We seem to have found a rhythm for our pattern collections. Every year, among all the styles we produce, we do one boy’s/unisex pattern, and there’s always one fancy dress and one casual dress. Have you noticed that? Anyway, we were due for another fancy dress, especially since you all liked the Fairy Tale Dress so well.
As it happened, right around the time I was starting to design this collection I had a conversation with a friend about popular sewing patterns. We were remembering the old Sugar City Village Frock and how popular it was. (Do you remember that pattern? So cute.) As we talked, I started thinking about shirring and how I don’t use it very much. And since I’m not really a ruffly designer, it made sense to try shirring in a dress design. And since so many of you seem to be interested in smocking, I wanted something that might appeal to the smockers too. More on that later.
We started with the Croquet Dress pattern for this design. Very similar shoulders and front yoke. The back bodice has the same keyhole notch. But then we started making changes: shirring across the front bodice, a waistband to hold all the shirring in place, and gathered sleeves to compliment the shirring.
This dress looks more complicated than it actually is. I feel like I say that a lot. Seriously, don’t let this style intimidate you. It’s a fancy dress, but the shirring is straightforward (if you’ve made ruffles or gathers, you can do shirring; it’s the same thing) and the construction itself is simple. No zippers. It doesn’t even have buttonholes! Just a thread chain for the back button at the keyhole opening. And we walk you through that easily, although I like how Kristin handled her thread chain, too. (And didn’t her version of this pattern turn out beautifully?)

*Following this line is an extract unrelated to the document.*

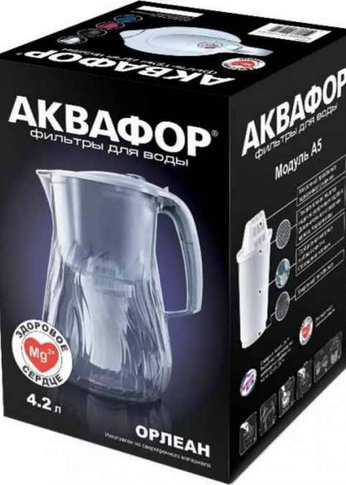 Кувшин Аквафор Орлеан белый 4.2л.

I really wanted to make sure these patterns were available for you as soon as possible, because I’m thinking Easter dresses. You too?
When S saw this dress design, she immediately said it looks like Liesl’s dress in The Sound of Music, which we watch on a regular basis. So maybe that inspired me too, subconsciously? I guess it would make sense. I mean, I’ve always identified with Liesl. But wouldn’t this pattern be beautiful in chiffon, like Liesl’s?